__Your task__: Leaving the pictures aside, reproduce the data in full and word for word.

__Dataset excerpts__:
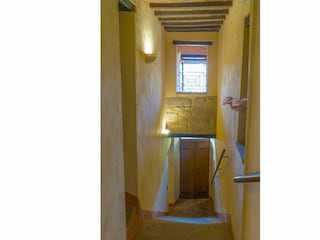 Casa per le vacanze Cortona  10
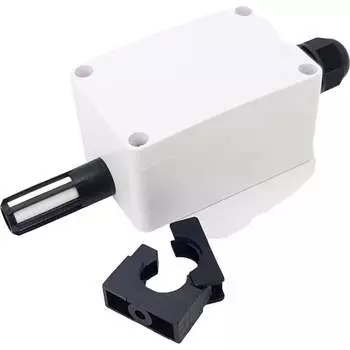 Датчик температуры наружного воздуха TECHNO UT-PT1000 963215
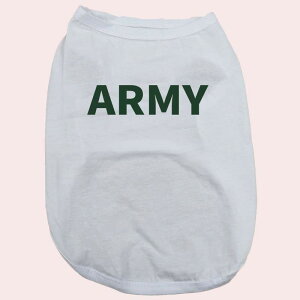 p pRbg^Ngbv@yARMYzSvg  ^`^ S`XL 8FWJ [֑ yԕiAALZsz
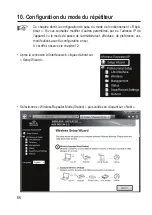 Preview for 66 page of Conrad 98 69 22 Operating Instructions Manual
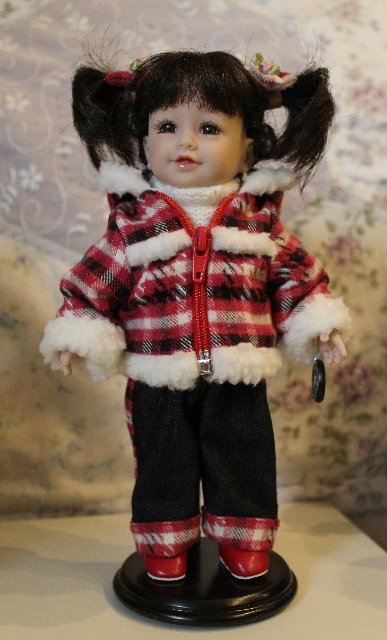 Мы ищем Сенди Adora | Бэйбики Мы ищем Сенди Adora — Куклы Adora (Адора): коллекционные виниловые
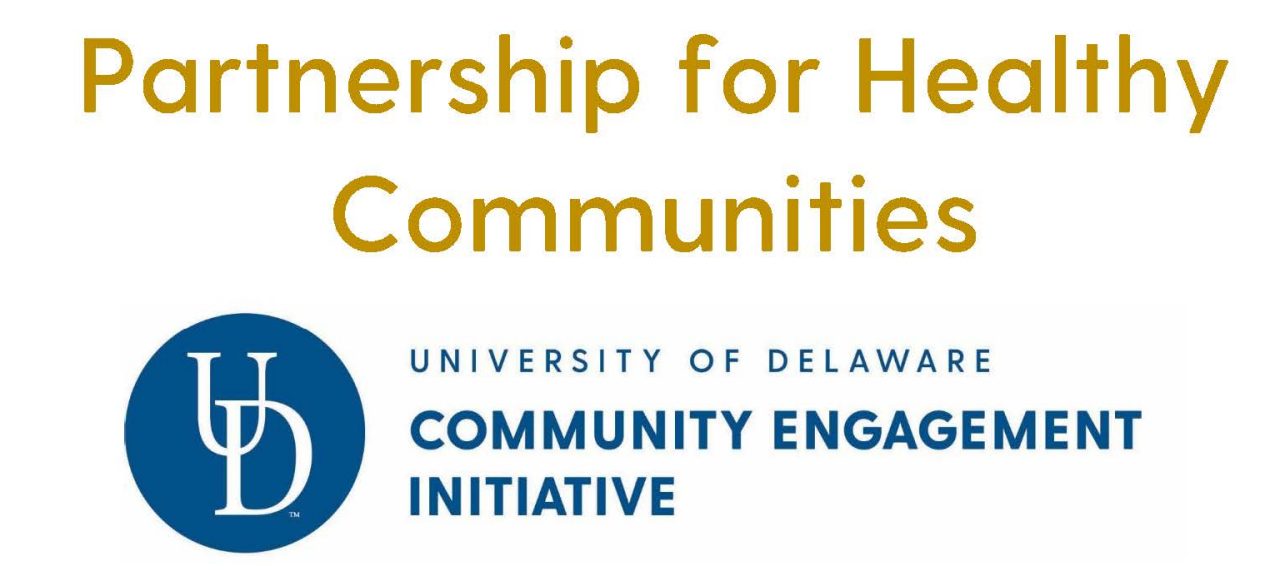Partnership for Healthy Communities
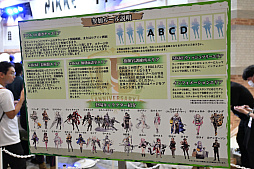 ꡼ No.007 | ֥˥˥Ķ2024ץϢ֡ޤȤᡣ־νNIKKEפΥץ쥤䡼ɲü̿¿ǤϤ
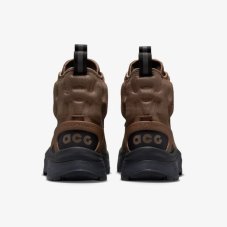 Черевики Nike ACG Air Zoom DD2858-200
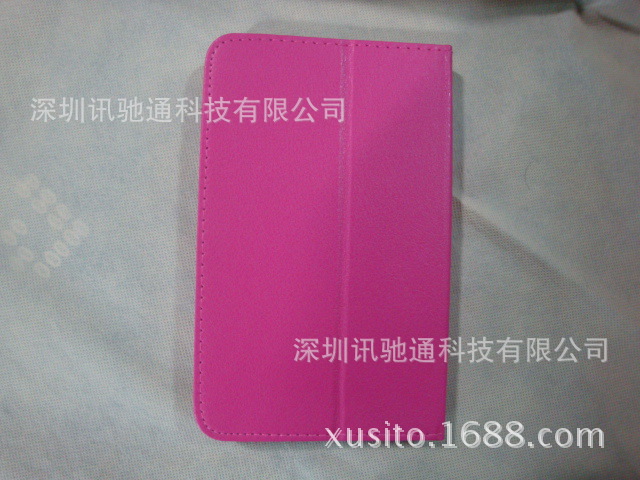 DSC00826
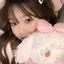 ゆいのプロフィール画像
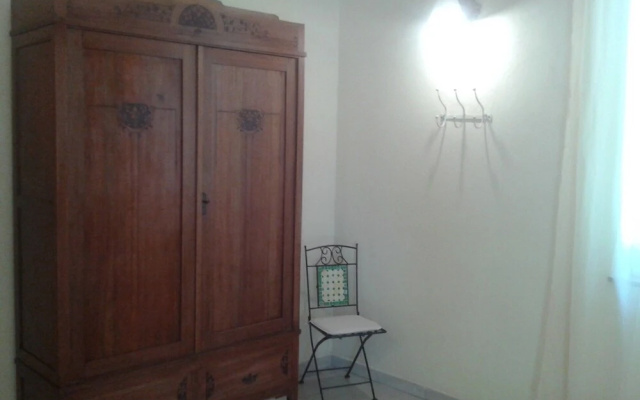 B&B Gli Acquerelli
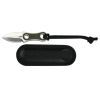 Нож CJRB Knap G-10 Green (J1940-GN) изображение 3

__Response to the task__:
 Casa per le vacanze Cortona  10
 Датчик температуры наружного воздуха TECHNO UT-PT1000 963215
 p pRbg^Ngbv@yARMYzSvg  ^`^ S`XL 8FWJ [֑ yԕiAALZsz
 Preview for 66 page of Conrad 98 69 22 Operating Instructions Manual
 Мы ищем Сенди Adora | Бэйбики Мы ищем Сенди Adora — Куклы Adora (Адора): коллекционные виниловые
Partnership for Healthy Communities
 ꡼ No.007 | ֥˥˥Ķ2024ץϢ֡ޤȤᡣ־νNIKKEפΥץ쥤䡼ɲü̿¿ǤϤ
 Черевики Nike ACG Air Zoom DD2858-200
 DSC00826
 ゆいのプロフィール画像
 B&B Gli Acquerelli
 Нож CJRB Knap G-10 Green (J1940-GN) изображение 3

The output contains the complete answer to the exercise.